Except for, of course, the Bank of the United States. And the Second Bank of the United States. And the Louisiana Purchase. And the Trail of Tears. And the annexation of Spanish Florida. And the French Embargo. And the Alien and Sedition Acts. And the Palmer Raids. And the Espionage Act of 1917. And President Cleveland using the army to stop the Pullman Strikes.

And that list is just off the top of my head. While there were definitely politicians who thought that the enumerated powers should be adhered to strictly, the fact of the matter is that throughout American history, most politicians have broadly interpreted the Constitution along Alexander Hamilton’s lines, and quite a few have simply ignored the Constitution altogether. To say that Federal power was limited until 1932 requires, basically, not cracking open a single history book. Ugh.

Levin then goes on to castigate the New Deal as the time when “the Statists successfully launched a counterrevolution that radically and fundamentally altered the nature of American society.” I find the rhetoric here and in the paragraphs that follow because they imply that the New Deal was some sort of conspiratorial horror imposed from above on an unwilling American populace, rather than a wildly popular set of initiatives, many of which survive to this day, but were hardly unprecedented — large scale federal intervention in the economy began with the Bank of the United States and the Federal government’s supplantation of the state role in many areas of economic regulation began in the 1870s with the Interstate Commerce Commission. And while federal economic regulation suffered some setbacks with the Lochner v. New York decision imposed during the Gilded Age, it still moved largely unchecked and most of the New Deal can find predecessors in the Teddy Roosevelt, Wilson, Coolidge, and Hoover Administrations. It’s not like the New Deal sprang up magically overnight.

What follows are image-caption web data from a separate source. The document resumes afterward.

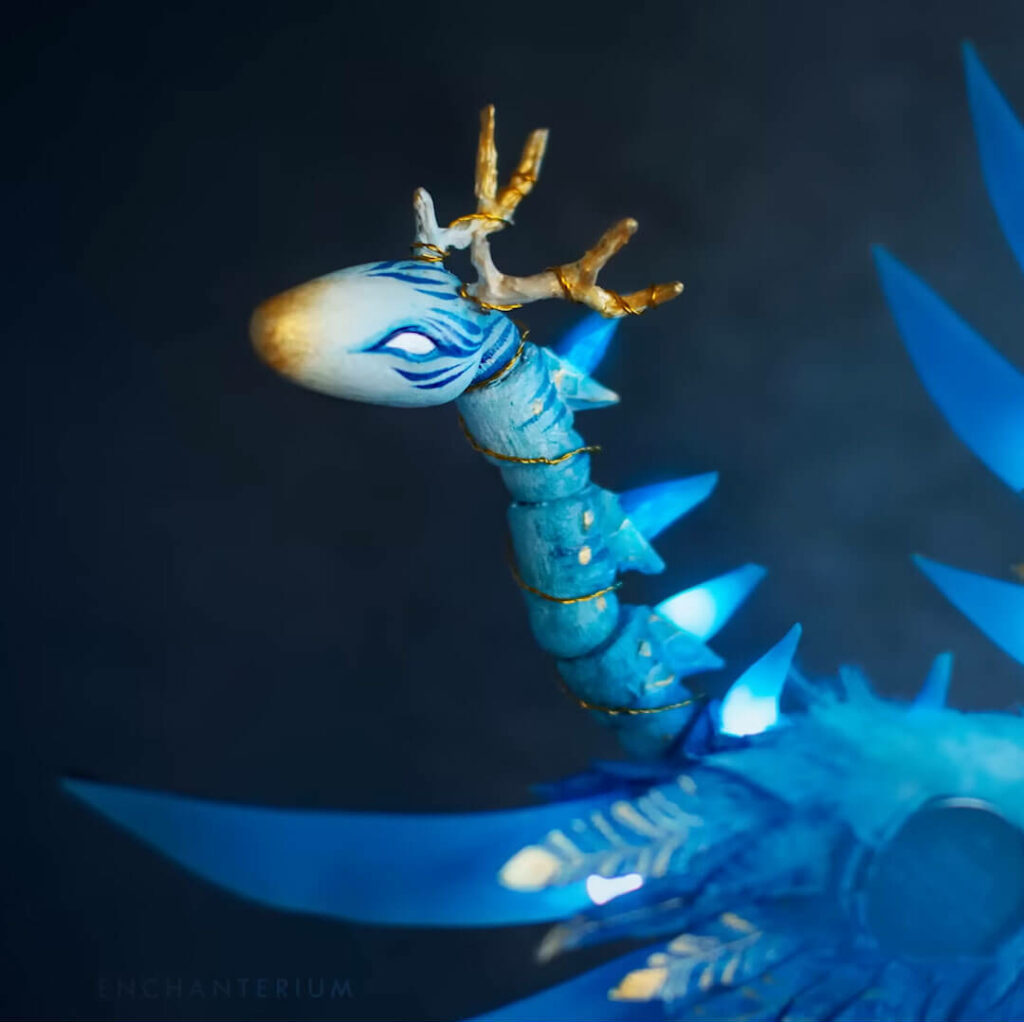 Close up of a blue ice dragon BJD customization.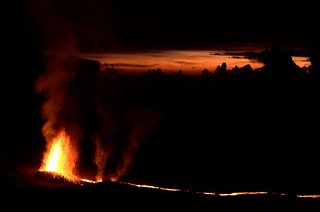 Lava projection on Piton de la Fournaise volcano, by night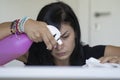 Woman with obsessive compulsive disorder cleaning table with detergents. OCD concept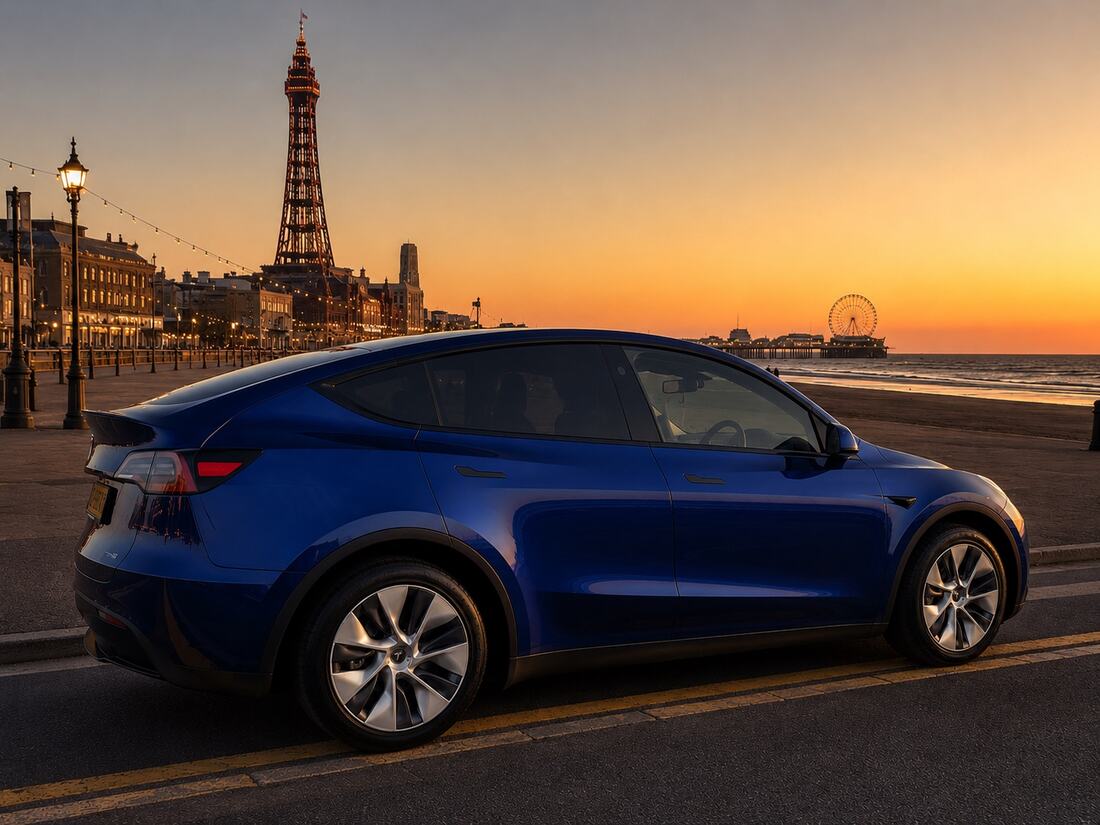 EV Exec Tesla Model Y on Blackpool promenade at sunset with Blackpool Tower behind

Again, Levin’s knowledge of history appears to be sorely lacking, which is easily the most frustrating thing about reading this book. Also, I have 199 pages to go, which is terrifying right now. But I’m not going to abandon this project, so let’s press on to the post-New Deal stuff.

No, wait, I have to stop here. There’s one line that’s incredibly annoying:

Ironically, industrial expansion resulting from World War II eventually ended the Great Depression, not the New Deal. Indeed, the enormous tax and regulatory burden imposed on the private sector by the New Deal prolonged the economic recovery.

Okay, no, this is crap. Virtually every economist who’s studied the Great Depression noted that the length of the depression in most countries was linked to how long they kept the Gold Standard. Milton Friedman, Ben Bernakke, and Christina Romer all agree on this point, and if you have consensus between these three, you’ve got a decent chance of noting the correct cause of recovery. Hoover’s stubborn insistence on hanging on to the outdated gold standard prolonged the deflation of the dollar and that deflation prolonged the Depression. Upon abandoning the Gold Standard in 1933, the economy surged. Unemployment dropped from 25% to 11%. The economy continued to improve until 1937 recession, when Roosevelt cut federal spending significantly in an attempt to balance the budget. And the idea that World War II somehow magically made the economy better is a charge that’s often asserted, but rarely supported.

Okay, now let’s move on.

For the next few pages, Levin mostly talks about the Statist boogeyman, who “has an insatiable appetite for control”, “speaks in the tongue of the demagogue”, and is constantly “concocting one pretext and grievance after another to manipulate public perceptions”.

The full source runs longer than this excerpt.